» Data for review

________________________________________

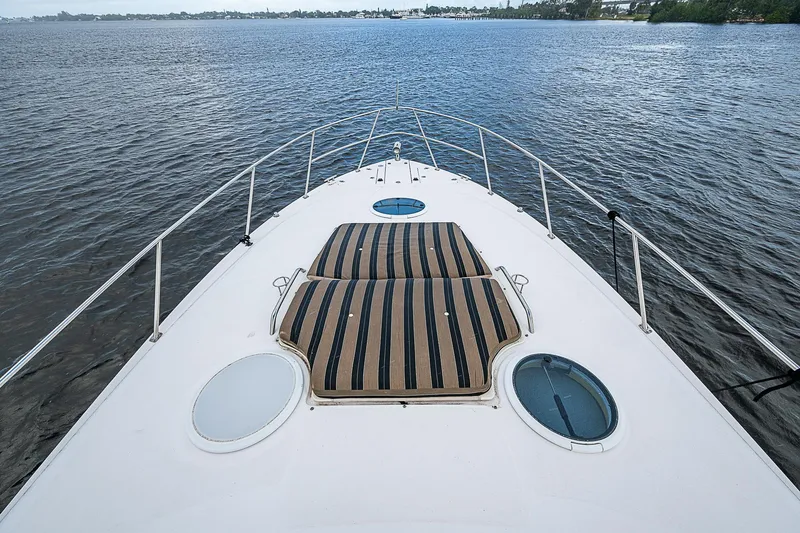 Slide: The Image of 2008 Regal Commodore 3760 IB boat deck with striped sun pad on calm water. - 24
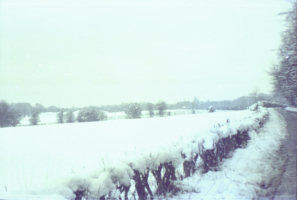 Snow covered fields along lane to Pilgrims Holt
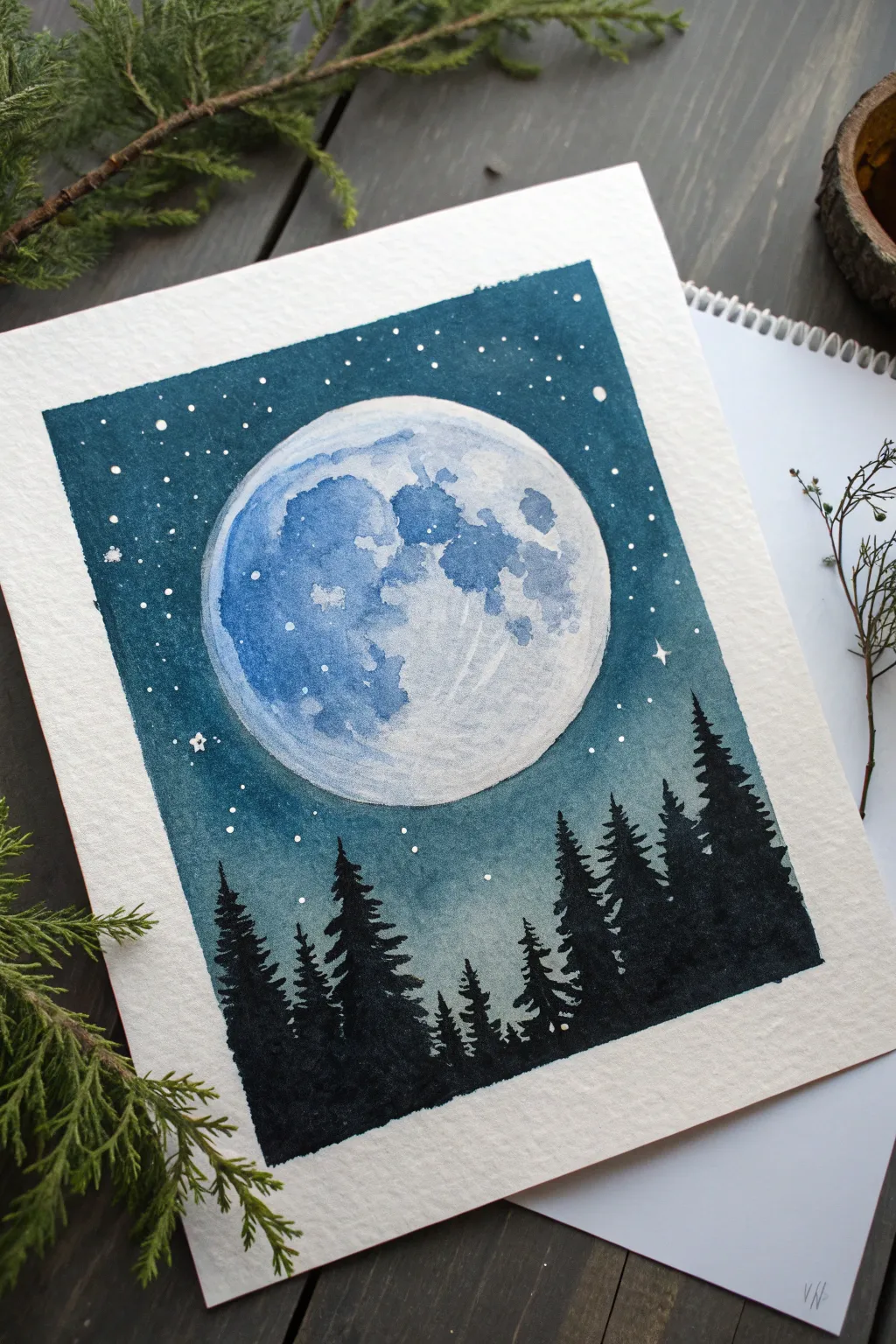 Midnight blue moonlit sky painting with crisp pine silhouettes and soft glowing moon contrast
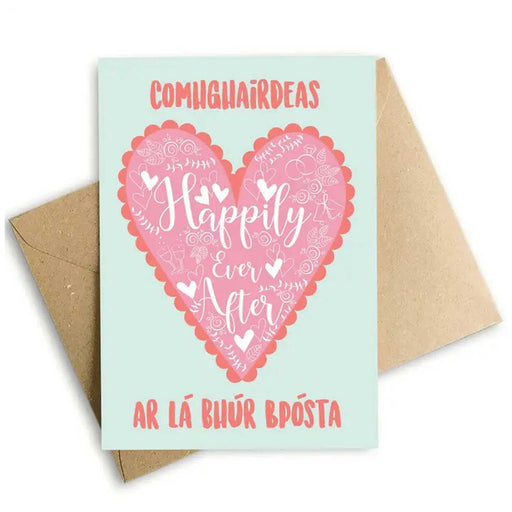 blue greeting card with pink loveheart and white scriptive text with ahppily ever after in centre of heart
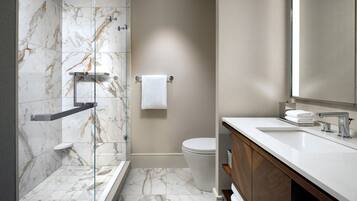 A modern bathroom with a glass-enclosed shower, a white toilet, and a wooden vanity with a sink.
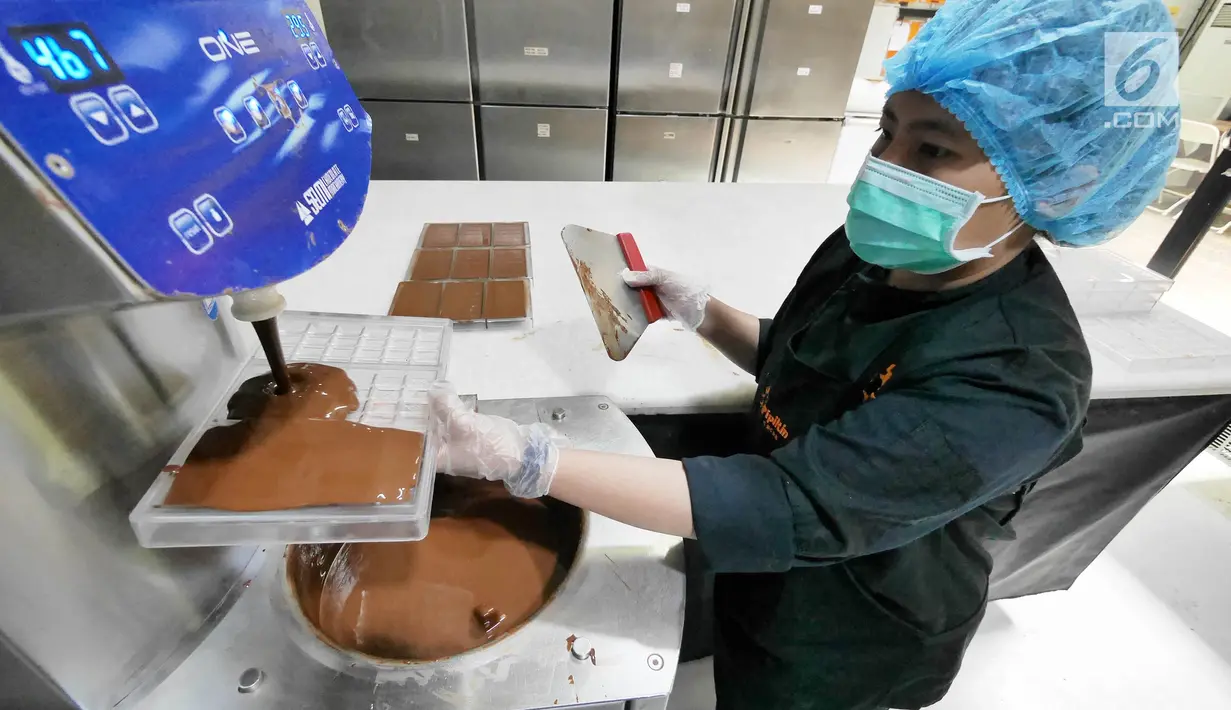 Pekerja memasukkan cokelat cair ke dalam alat cetak di toko Pipiltin Cocoa kawasan Barito, Jakarta, Kamis (13/9). Pipiltin Cocoa cukup banyak diburu oleh para atlet Asian Games 2018. (Liputan6.com/Herman Zakharia)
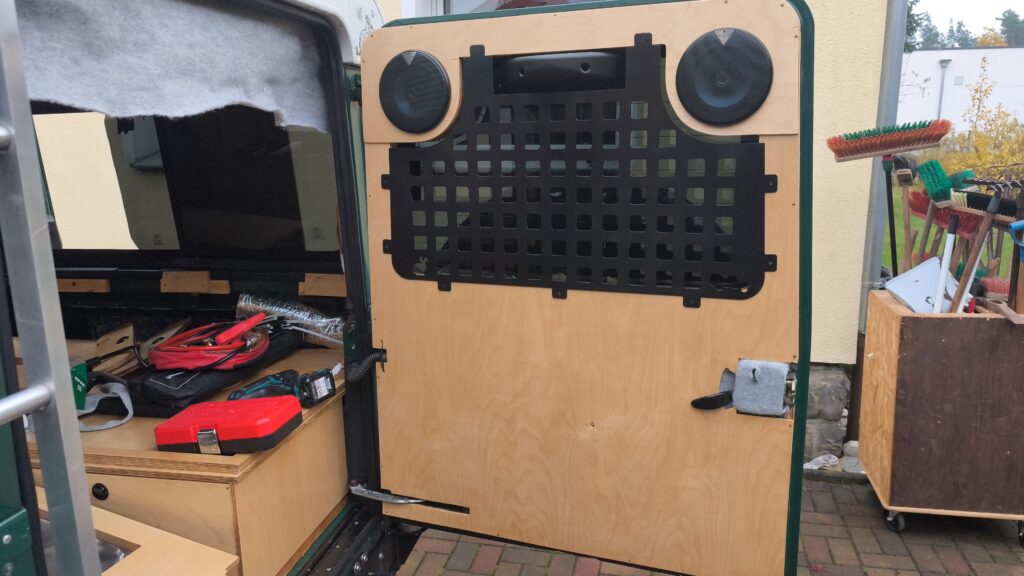 Finished tailgate trim panel with speakers and grit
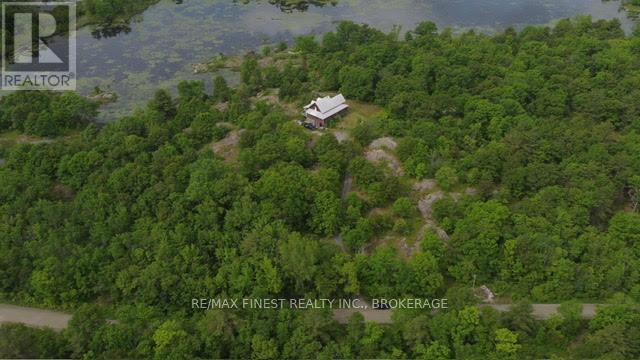 1146 Fourth Lake Road S, Frontenac (Frontenac Centre), Ontario  K0H 2K0 - Photo 2 - X12340452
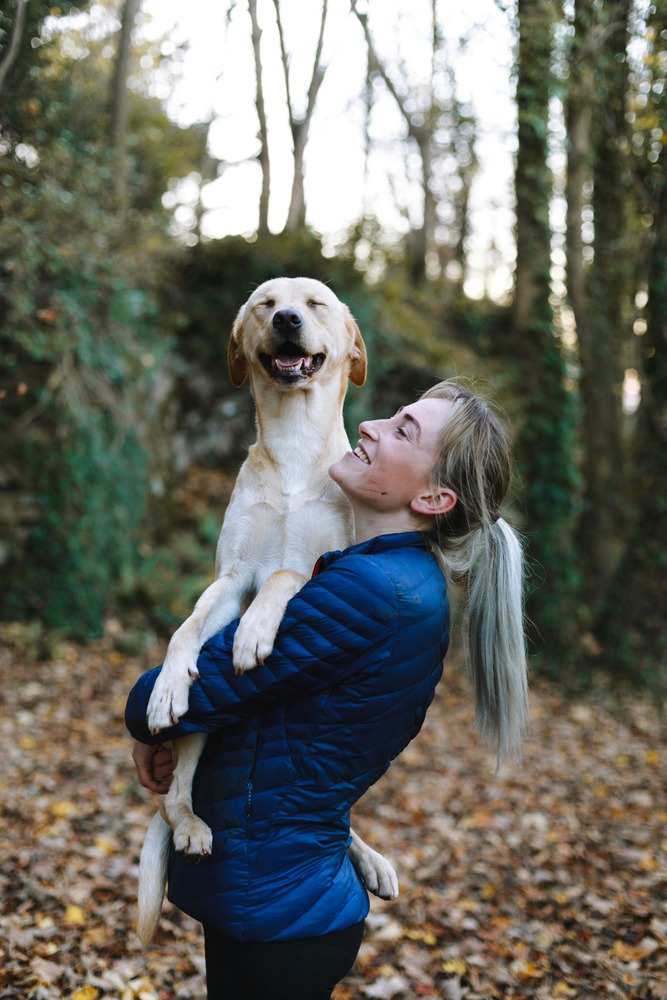 Large cream-colored dog being picked up by woman in the woods, both smiling
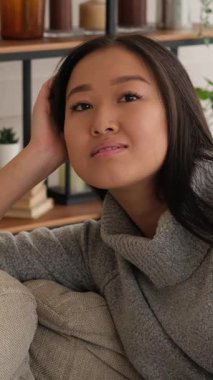 Evdeki kanepede dinlenen genç ve güzel Asyalı bir kadının dikey videosu. Gülümsüyor ve kameraya bakıyor..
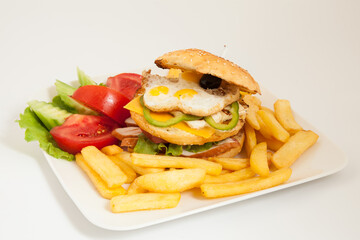 club sandwich on a white plate with french fries and vegetables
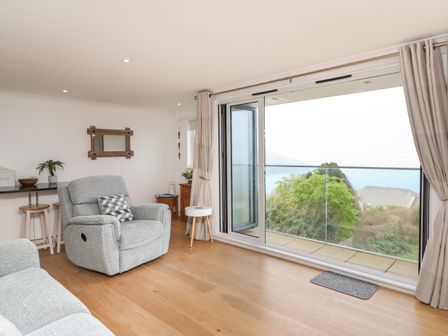 A living room with an armchair a small round table and sliding glass doors opening to a balcony with a sea view at Kernow's Dream in Carbis Bay
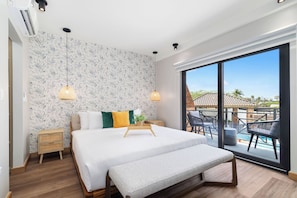 Ein modernes Schlafzimmer mit einem großen Bett, einer Bank, einem Nachttisch und Blick auf einen Pool und einen Außenbereich.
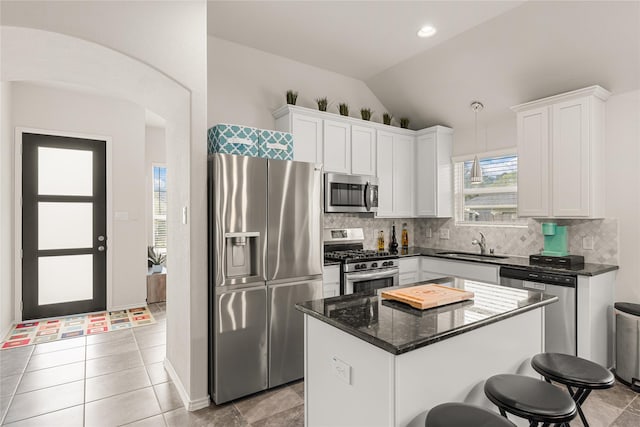 kitchen with appliances with stainless steel finishes, dark stone countertops, white cabinets, a kitchen island, and lofted ceiling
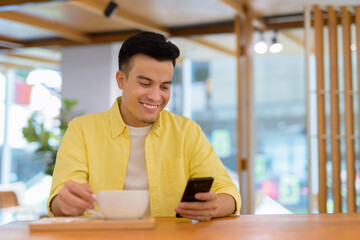 Portrait of handsome young man at coffee shop smiling and using mobile phone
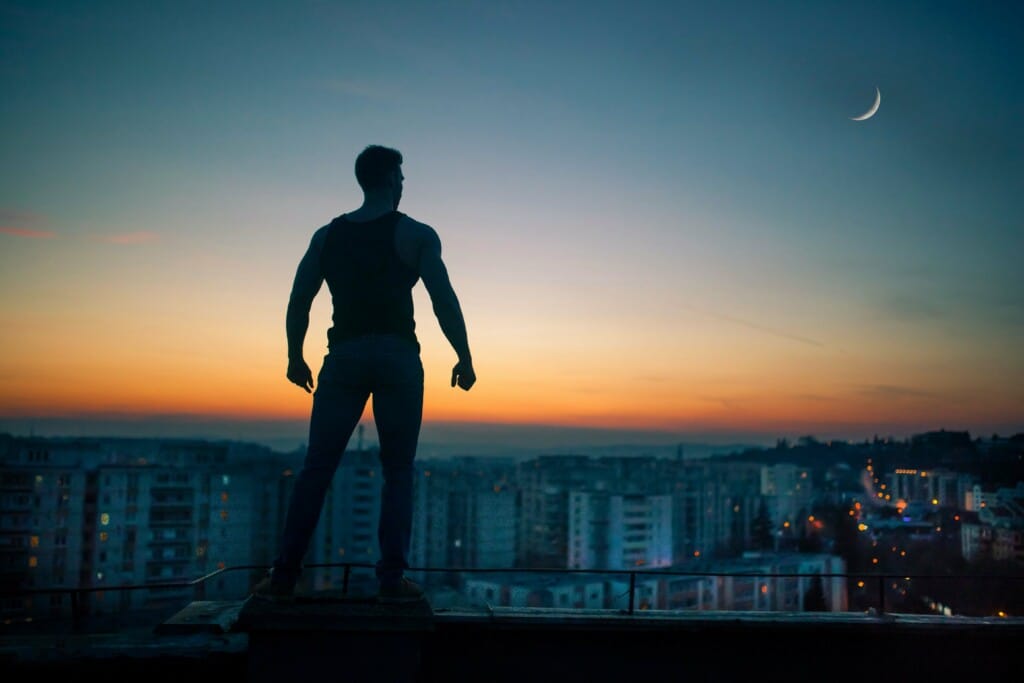 man in good physical condition on rooftop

________________________________________

» Task
Output the data above exactly, beginning at its first line and ending with the line that holds "1146 Fourth Lake". Leave out the pictures and add nothing.

» Exercise response
 Slide: The Image of 2008 Regal Commodore 3760 IB boat deck with striped sun pad on calm water. - 24
 Snow covered fields along lane to Pilgrims Holt
 Midnight blue moonlit sky painting with crisp pine silhouettes and soft glowing moon contrast
 blue greeting card with pink loveheart and white scriptive text with ahppily ever after in centre of heart
 A modern bathroom with a glass-enclosed shower, a white toilet, and a wooden vanity with a sink.
 Pekerja memasukkan cokelat cair ke dalam alat cetak di toko Pipiltin Cocoa kawasan Barito, Jakarta, Kamis (13/9). Pipiltin Cocoa cukup banyak diburu oleh para atlet Asian Games 2018. (Liputan6.com/Herman Zakharia)
 Finished tailgate trim panel with speakers and grit
 1146 Fourth Lake Road S, Frontenac (Frontenac Centre), Ontario  K0H 2K0 - Photo 2 - X12340452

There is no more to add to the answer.